EXERCISE OBJECTIVE: Once the line containing "Sen. Tim Kaine" is found in the entries below, restate it and each following line word for word, stopping after the line containing "Michael Kors Black".

INFORMATION SHOWN:
=== Begin Enclosure ===
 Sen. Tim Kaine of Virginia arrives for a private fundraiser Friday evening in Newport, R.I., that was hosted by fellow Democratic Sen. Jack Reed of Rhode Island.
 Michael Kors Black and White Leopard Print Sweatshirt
=== End Enclosure ===
=== Begin Enclosure ===
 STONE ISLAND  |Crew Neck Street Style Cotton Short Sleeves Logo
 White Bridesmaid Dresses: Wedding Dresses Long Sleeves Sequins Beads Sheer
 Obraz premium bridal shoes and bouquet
=== End Enclosure ===
ANSWER TO THIS EXERCISE:
 Sen. Tim Kaine of Virginia arrives for a private fundraiser Friday evening in Newport, R.I., that was hosted by fellow Democratic Sen. Jack Reed of Rhode Island.
 Michael Kors Black and White Leopard Print Sweatshirt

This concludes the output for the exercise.